== Task description ==
Send back the line that contains "高三第四节免疫调节PPT课件 高三第四节免疫调节PPT课件" and all lines following it through the end of the data below, exactly, omitting pictures.

== Records ==

※

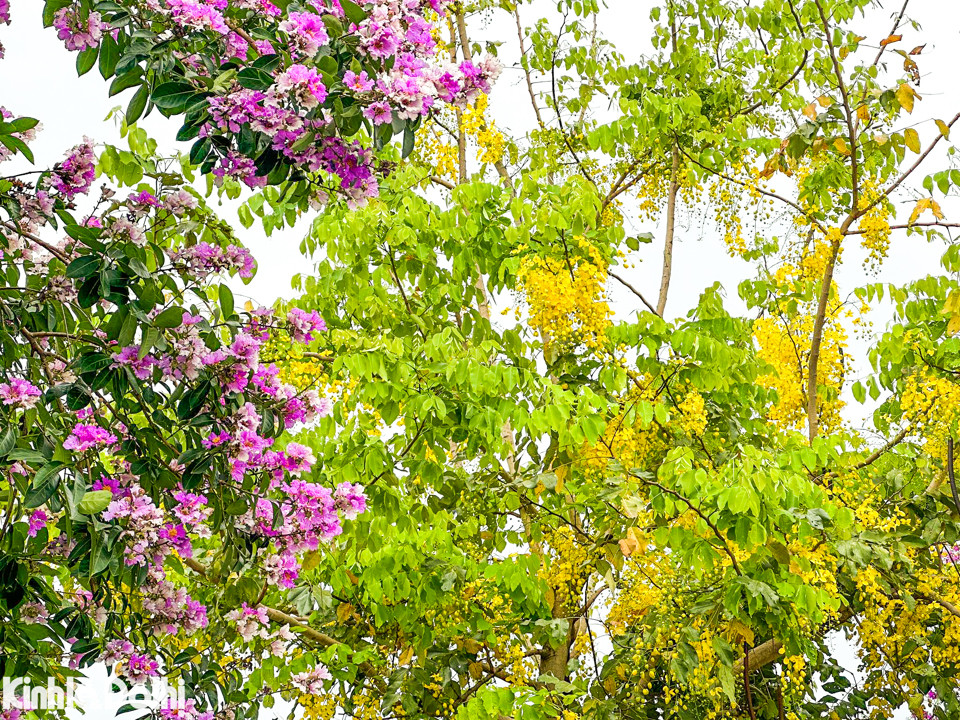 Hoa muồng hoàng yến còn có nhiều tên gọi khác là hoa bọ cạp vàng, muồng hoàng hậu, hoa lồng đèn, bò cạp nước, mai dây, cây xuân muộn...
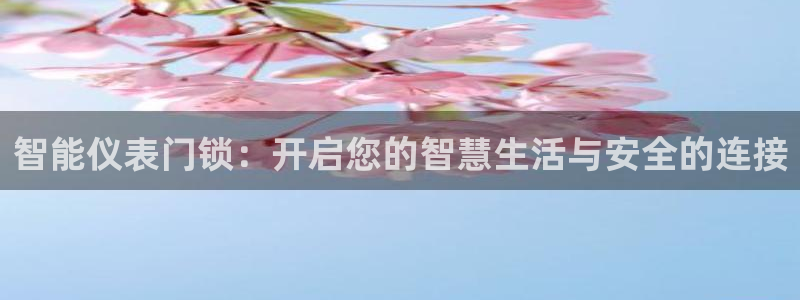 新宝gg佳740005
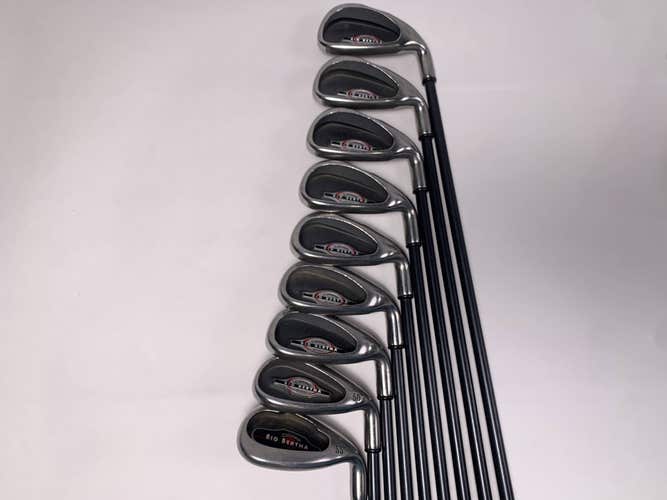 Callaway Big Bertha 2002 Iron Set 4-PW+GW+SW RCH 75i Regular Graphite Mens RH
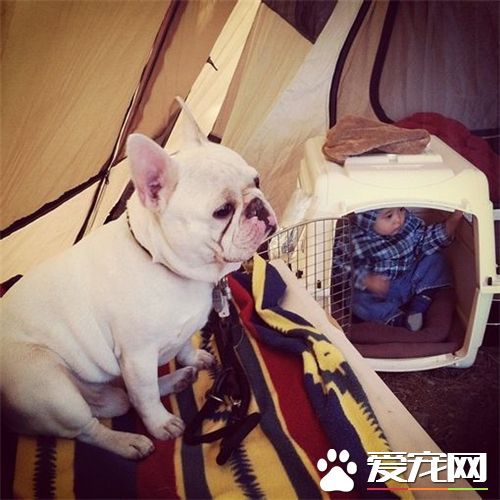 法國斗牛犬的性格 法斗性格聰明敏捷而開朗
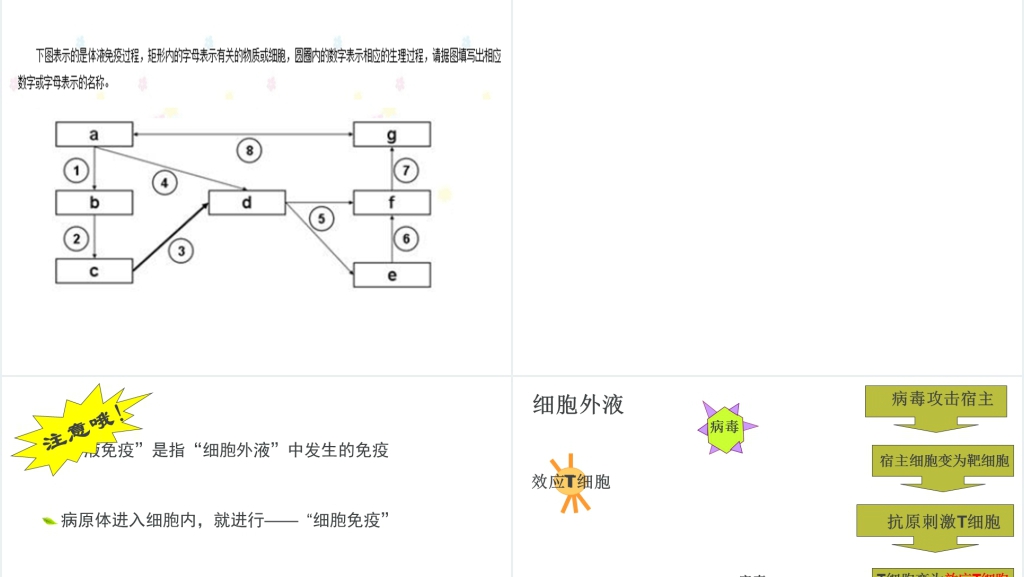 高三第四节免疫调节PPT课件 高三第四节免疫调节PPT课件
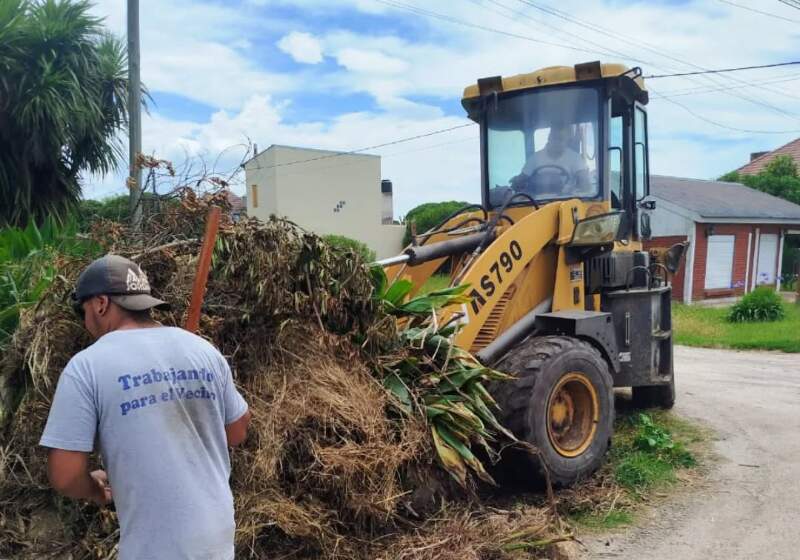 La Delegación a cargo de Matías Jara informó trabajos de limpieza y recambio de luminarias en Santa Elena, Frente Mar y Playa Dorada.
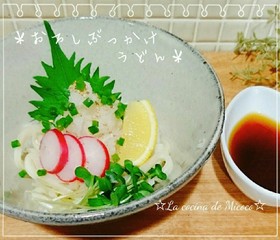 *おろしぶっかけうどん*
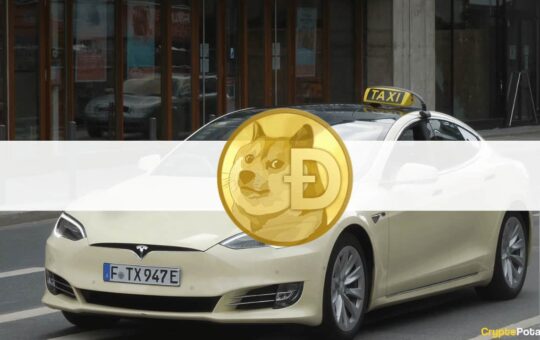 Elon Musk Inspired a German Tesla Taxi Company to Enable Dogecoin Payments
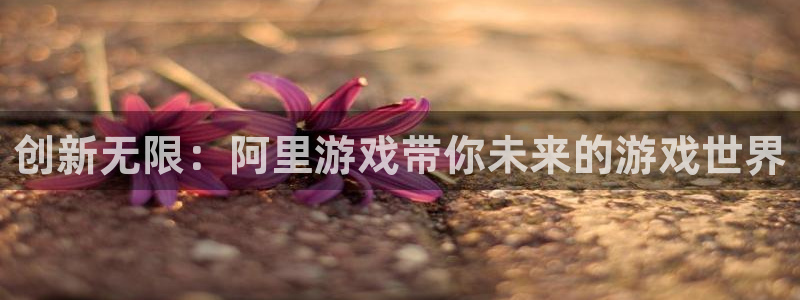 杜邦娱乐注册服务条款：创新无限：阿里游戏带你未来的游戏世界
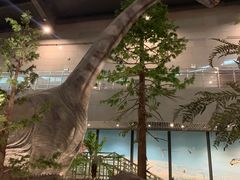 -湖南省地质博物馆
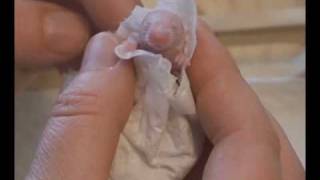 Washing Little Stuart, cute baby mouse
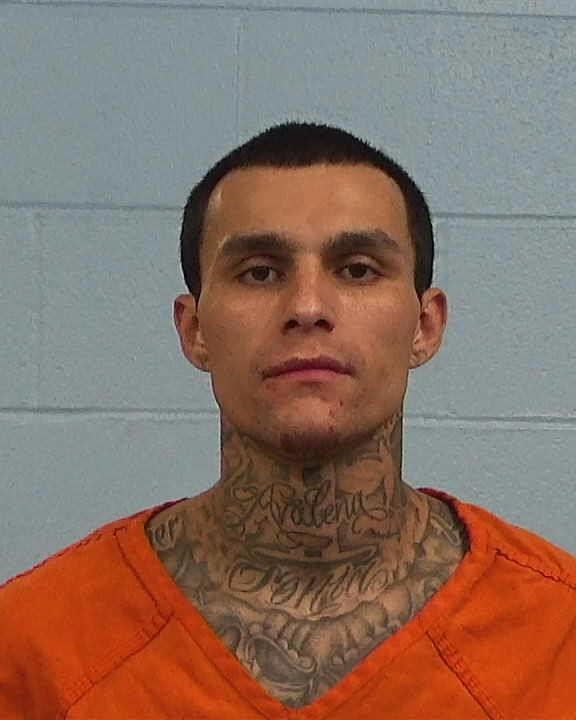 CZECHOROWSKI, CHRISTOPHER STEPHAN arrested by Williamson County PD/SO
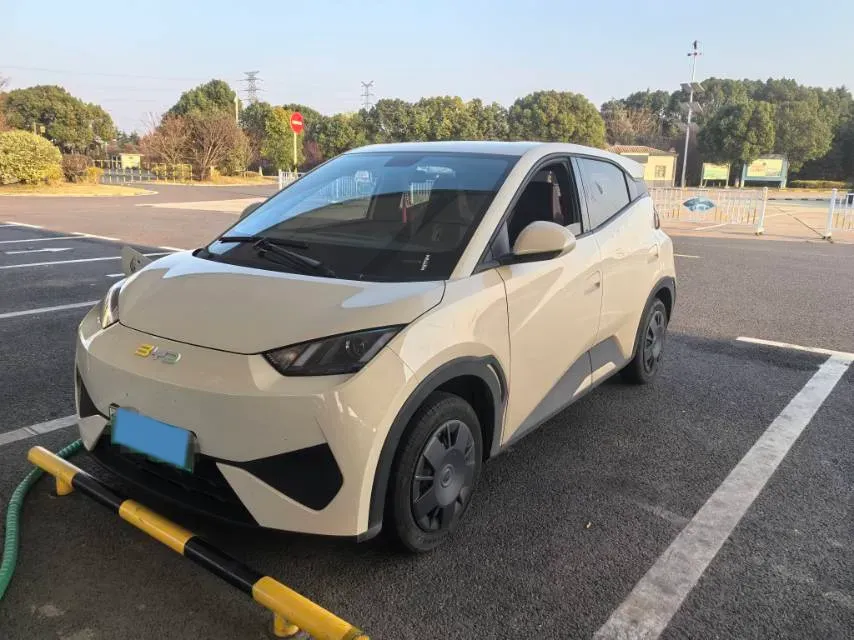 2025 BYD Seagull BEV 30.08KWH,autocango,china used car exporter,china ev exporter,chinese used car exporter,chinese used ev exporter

※

== Solution to this problem ==
 高三第四节免疫调节PPT课件 高三第四节免疫调节PPT课件
 La Delegación a cargo de Matías Jara informó trabajos de limpieza y recambio de luminarias en Santa Elena, Frente Mar y Playa Dorada.
 *おろしぶっかけうどん*
 Elon Musk Inspired a German Tesla Taxi Company to Enable Dogecoin Payments
 杜邦娱乐注册服务条款：创新无限：阿里游戏带你未来的游戏世界
 -湖南省地质博物馆
 Washing Little Stuart, cute baby mouse
 CZECHOROWSKI, CHRISTOPHER STEPHAN arrested by Williamson County PD/SO
 2025 BYD Seagull BEV 30.08KWH,autocango,china used car exporter,china ev exporter,chinese used car exporter,chinese used ev exporter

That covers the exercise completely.